- Born: 1921
- Died: October 14, 2007 (aged 85–86) Saskatoon, Saskatchewan, Canada
- Played for: EHL Washington Eagles PCHL Seattle Ironmen San Diego Skyhawks USHL Dallas Texans Fort Worth Rangers
- Playing career: 1940–1951

= Roy McBride =

Canadian ice hockey player

Roy McBride (1921 - October 14, 2007) was a former professional ice hockey player and coach.

==Career==
McBride started his professional career in 1940 as a player in the Eastern Hockey League with the Washington Eagles. He did not play between 1941 and 1945. At age 24, McBride's playing career resumed following World War II. During the 1945–46 season, he suited up with three different teams: the Seattle Ironmen (PCHL), Dallas Texans (USHL), and Fort Worth Rangers (USHL).

He played the 1946–47 season with the San Diego Skyhawks (PCHL), and in the 1947–48 season he returned to play with the Seattle Ironmen.

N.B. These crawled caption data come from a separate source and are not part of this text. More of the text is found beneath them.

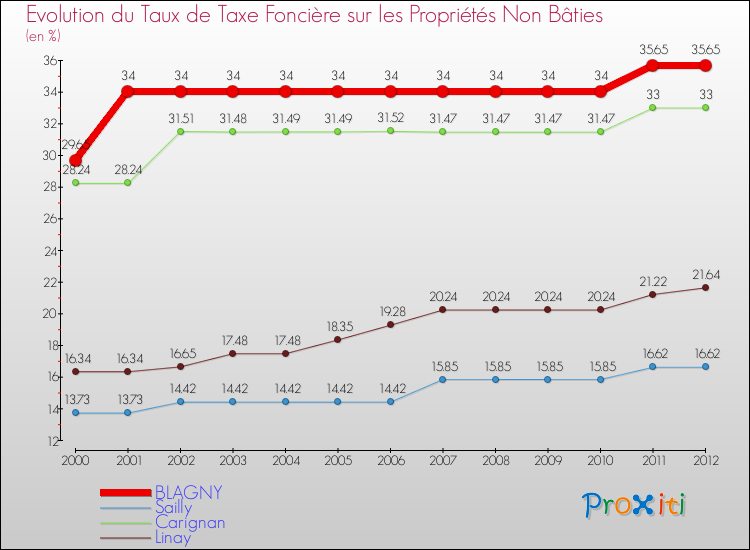 Evolution du taux de la taxe foncière sur les immeubles et terrains non batis pour BLAGNY et les communes proches de 2000 à 2012 Comparaison des taux de la taxe foncière sur les immeubles et terrains non batis pour BLAGNY et les communes voisines de 2000 à 2012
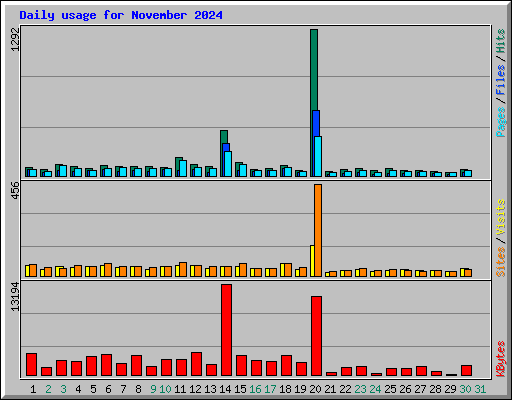 Daily usage for November 2024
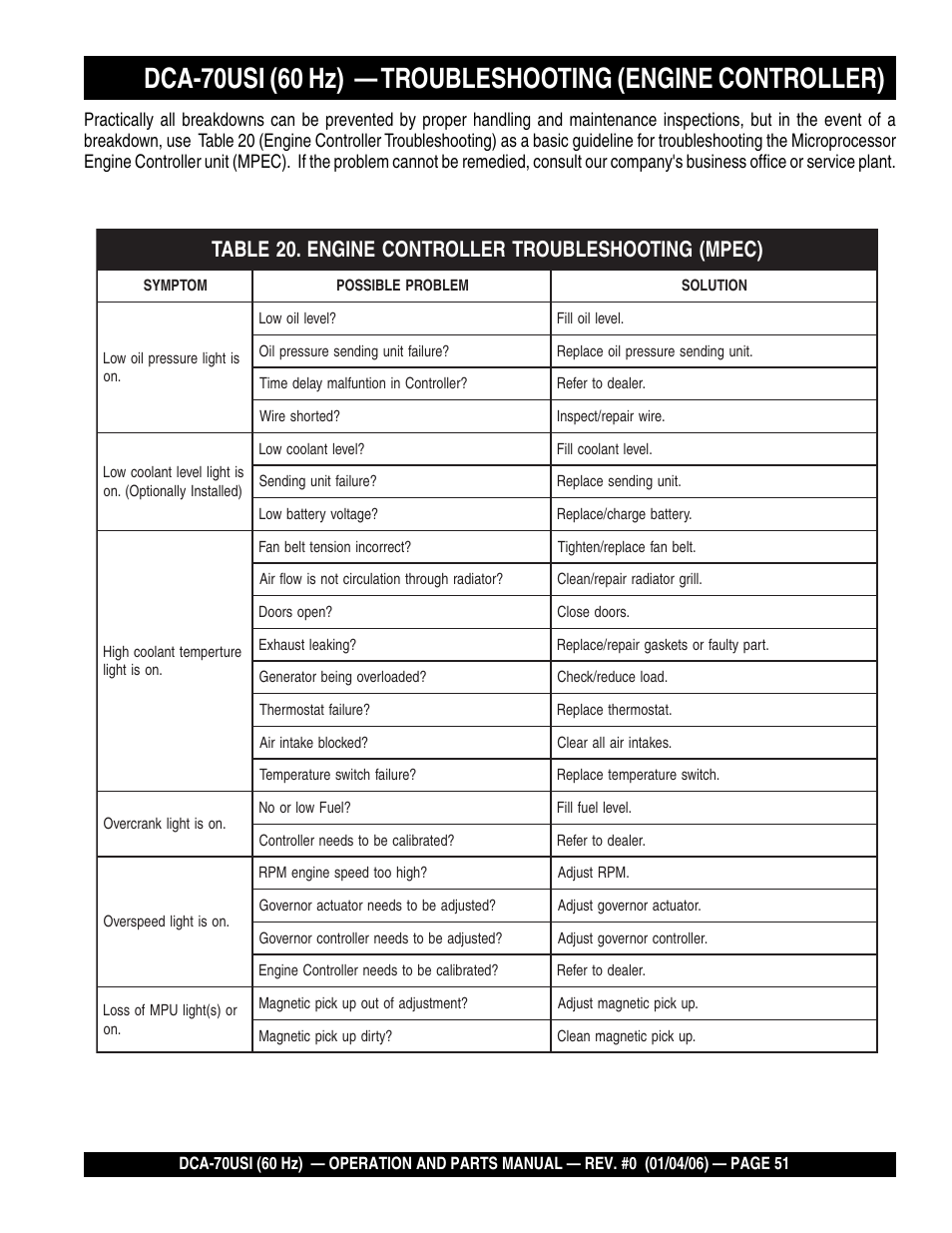 Multiquip DCA70USI User Manual | Page 51 / 84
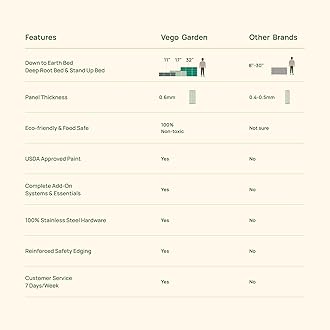 Vego garden Aluzinc Raised Garden Bed Kits, 11" Tall 6 in 1 Modular Metal Raised Planter Bed for Vegetables Flowers Patio Ground Planter Box-British Green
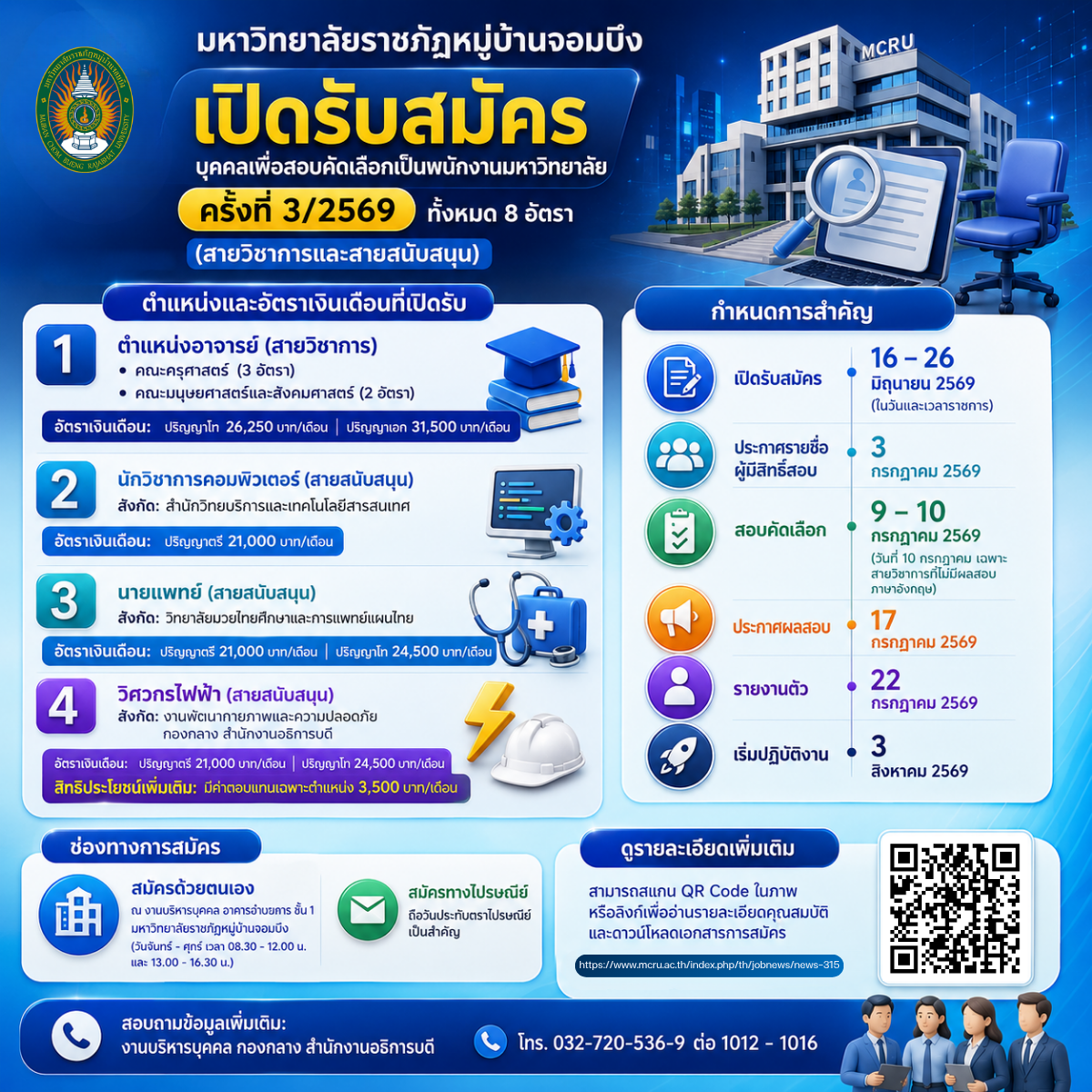 news3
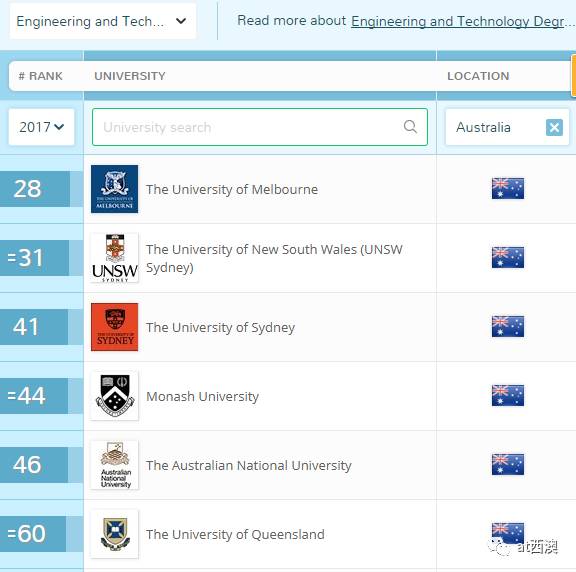 新澳历史记录查询结果,快速产出解决方案_社交版62.343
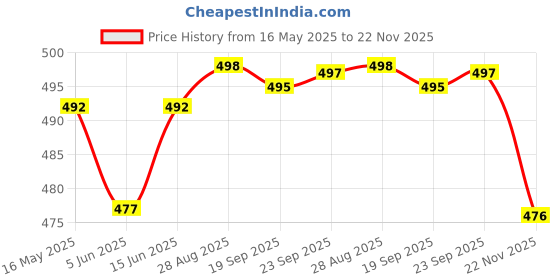 flipkart.com actos Combo Set Of 5 Cushion And 2 Microfibre Floral Bolster Pack of 7 actos Price History Graph from 16 May 2025 to 22 Nov 2025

In the 1948–49 season, he played with the Spokane Flyers, who won the United States National Senior Championship that year.

He played the next two seasons (1949–50 and 1950–51) in the Quebec Senior Hockey League with the Quebec Aces, where he was coached by future Hockey Hall of Fame member Punch Imlach. He played the 1951–52 season in the WIHL with the Spokane Flyers.

===Coaching===
McBride proved himself to be a capable head coach as he guided his Spokane Flyers to three consecutive WIHL titles (1956–1958). McBride's 1956-57 Spokane Flyers team was the first United States team to reach the Allan Cup finals. In the 1960s, McBride went on to coach the Spokane Comets in the Western Hockey League.

==Awards==
In 1956, he won the "Coach of the Year" award by the Spokane Regional Sports Commission.